_Task objective_
Below is a block of records; reproduce all of them exactly and leave out any pictures.

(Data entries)

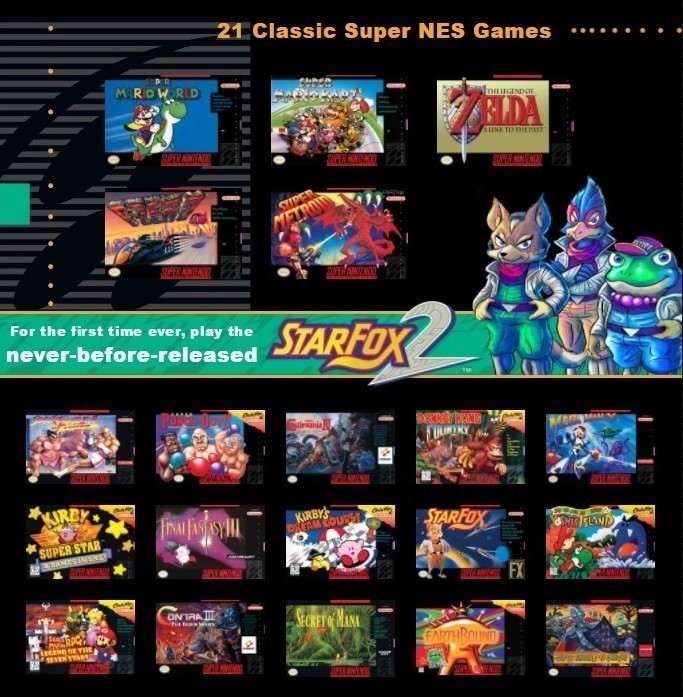 Nintendo перевыпустит классическую консоль 90-х 2 Nintendo перевыпустит классическую консоль 90-х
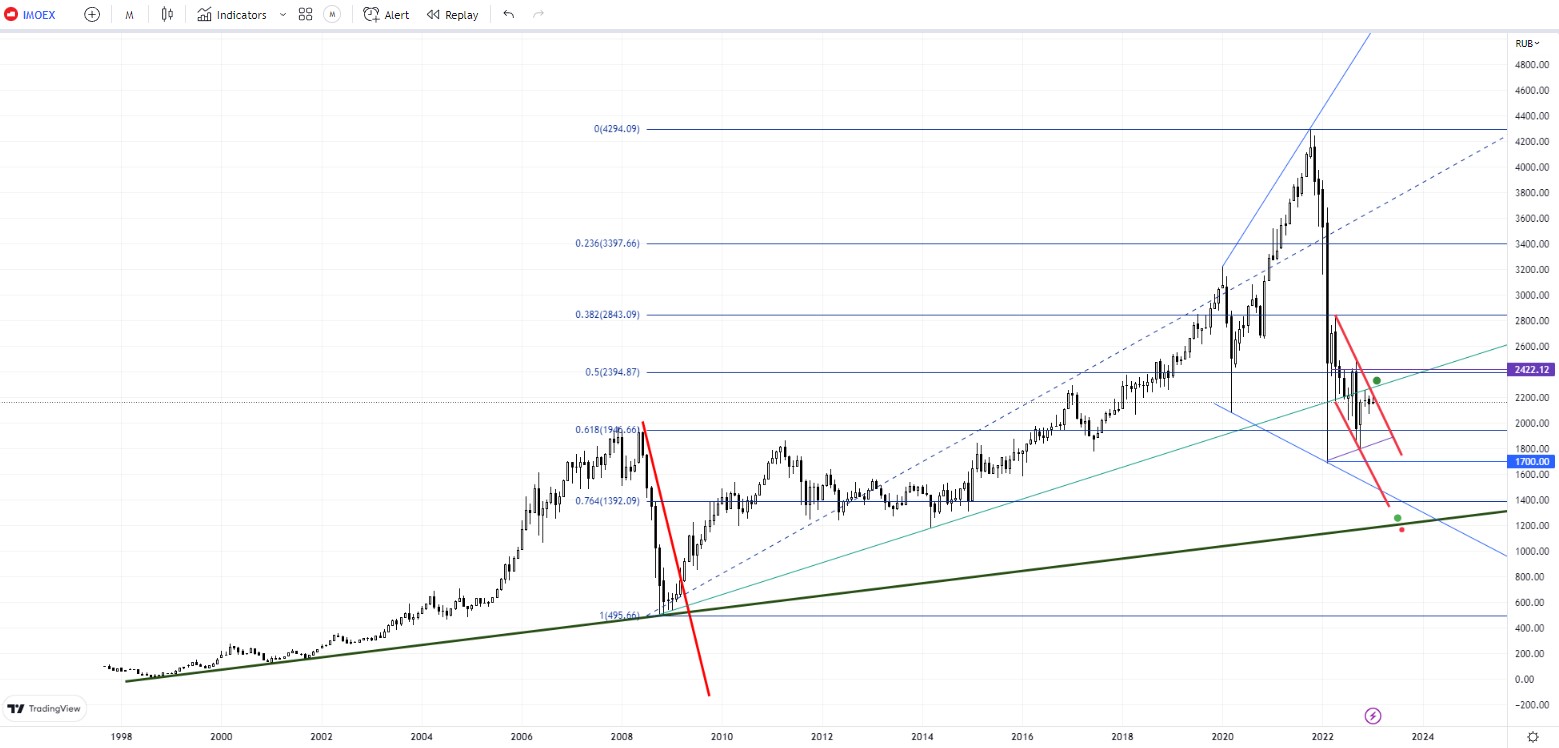 Usd moex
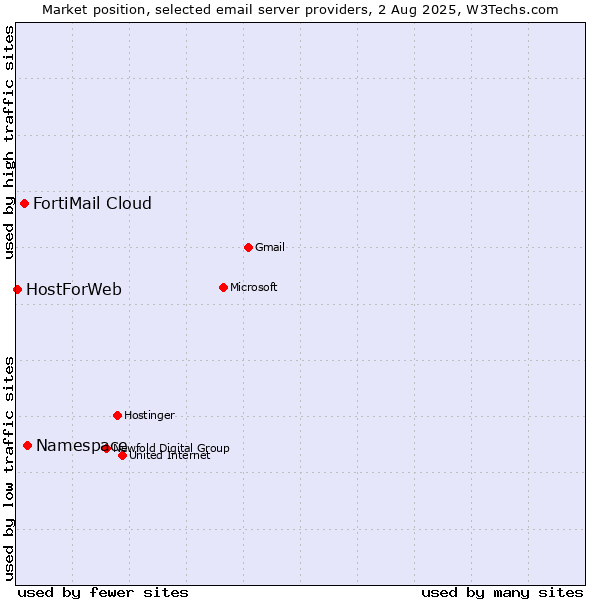 Market position of Namespace vs. FortiMail Cloud vs. HostForWeb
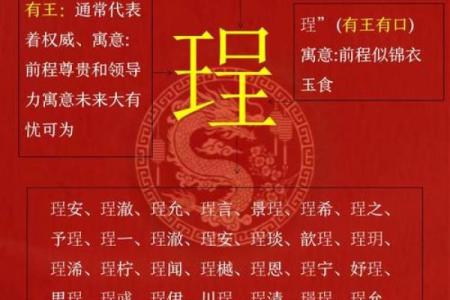 北京宝宝起名指南：如何为孩子选择独特又有寓意的名字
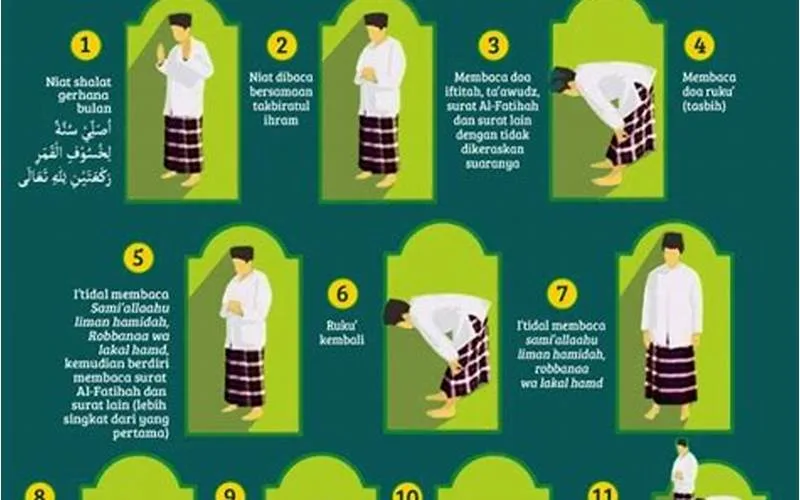 Bacaan Wajib dan Sunnah: Membangun Kekhusyukan Sholat Fardhu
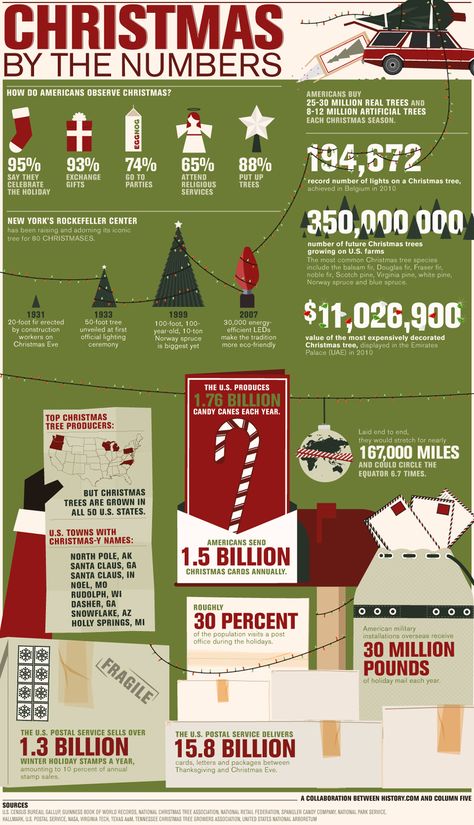 Infographic: Christmas by the Numbers Interesting Facts About Christmas, Best Christmas Messages, Christmas Infographic, Christmas History, Message For Husband, Favorite Christmas Songs, Christmas Trivia, By The Numbers, Christmas Messages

_Reply to the exercise_
 Nintendo перевыпустит классическую консоль 90-х 2 Nintendo перевыпустит классическую консоль 90-х
 Usd moex
 Market position of Namespace vs. FortiMail Cloud vs. HostForWeb
 北京宝宝起名指南：如何为孩子选择独特又有寓意的名字
 Bacaan Wajib dan Sunnah: Membangun Kekhusyukan Sholat Fardhu
 Infographic: Christmas by the Numbers Interesting Facts About Christmas, Best Christmas Messages, Christmas Infographic, Christmas History, Message For Husband, Favorite Christmas Songs, Christmas Trivia, By The Numbers, Christmas Messages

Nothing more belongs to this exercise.